Saved data entries:
========

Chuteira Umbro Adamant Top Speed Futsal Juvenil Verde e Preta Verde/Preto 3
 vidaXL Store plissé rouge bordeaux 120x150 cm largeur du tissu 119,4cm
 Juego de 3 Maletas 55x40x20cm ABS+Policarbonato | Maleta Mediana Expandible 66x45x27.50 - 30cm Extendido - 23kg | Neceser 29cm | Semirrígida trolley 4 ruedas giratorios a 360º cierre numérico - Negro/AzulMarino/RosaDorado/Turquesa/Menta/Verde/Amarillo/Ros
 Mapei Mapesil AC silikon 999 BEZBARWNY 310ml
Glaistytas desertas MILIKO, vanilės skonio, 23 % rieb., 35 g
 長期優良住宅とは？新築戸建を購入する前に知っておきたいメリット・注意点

========

> **TASK BRIEF**
Every entry that appears above should be duplicated exactly.

> **REPLY TO THE EXERCISE**
Chuteira Umbro Adamant Top Speed Futsal Juvenil Verde e Preta Verde/Preto 3
 vidaXL Store plissé rouge bordeaux 120x150 cm largeur du tissu 119,4cm
 Juego de 3 Maletas 55x40x20cm ABS+Policarbonato | Maleta Mediana Expandible 66x45x27.50 - 30cm Extendido - 23kg | Neceser 29cm | Semirrígida trolley 4 ruedas giratorios a 360º cierre numérico - Negro/AzulMarino/RosaDorado/Turquesa/Menta/Verde/Amarillo/Ros
 Mapei Mapesil AC silikon 999 BEZBARWNY 310ml
Glaistytas desertas MILIKO, vanilės skonio, 23 % rieb., 35 g
 長期優良住宅とは？新築戸建を購入する前に知っておきたいメリット・注意点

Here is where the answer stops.